Historically, private M&A deals have led the Indian market. In recent years, however, public M&A has accelerated, and public market exits in 2019 were up approximately 45% from 2018.
Consolidation across sectors has been a key feature of M&A activity in 2019. India's rapidly evolving distressed asset regime has also contributed significantly to consolidation opportunities. Another key trend was a preference for platform transactions, especially in the infrastructure sector.

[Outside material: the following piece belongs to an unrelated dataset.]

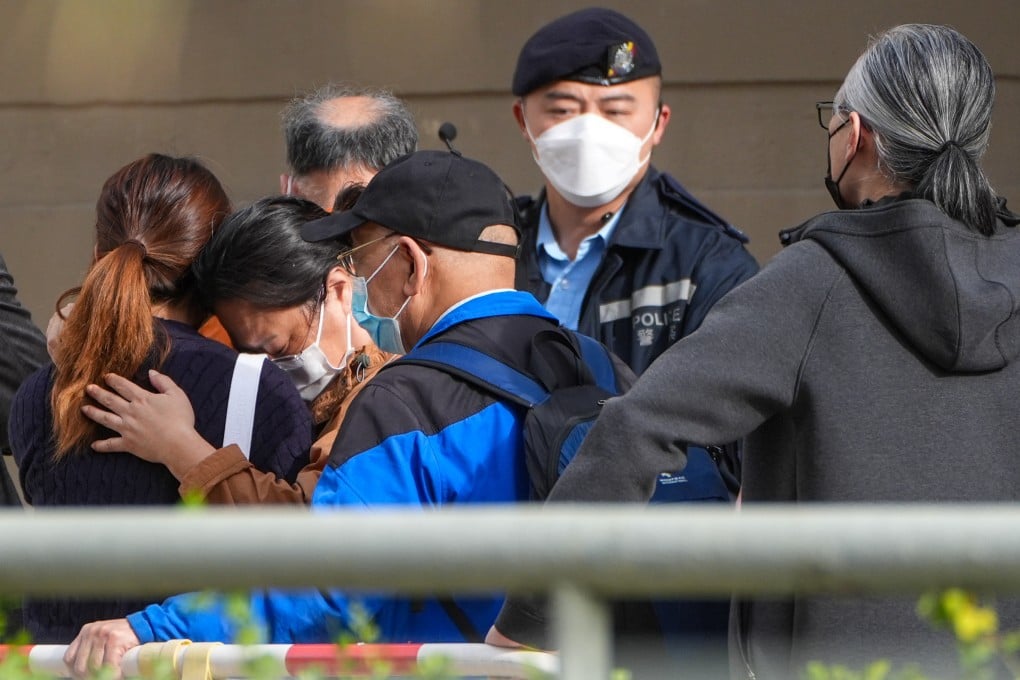 People console each other after identifying deceased relatives at Kwong Fuk Community Hall following the fatal fire at Wang Fuk Court in Tai Po, on November 27. Photo: Eugene Lee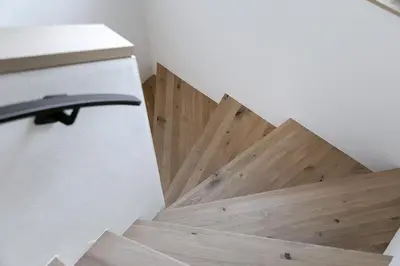 a wooden staircase in a room with a wooden floor at Schattmair Hof in Tirolo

Infrastructure investment trusts (InvIT) were the platform of choice in two of the largest M&A deals of 2019. Real estate investment trusts (REIT) matured as an investment platform, with the listing of India's first REIT. More REITs are expected in 2020. Control transactions and buy-outs are gaining more popularity, with better governance, consolidation, enhancing value and deleveraging being the key drivers.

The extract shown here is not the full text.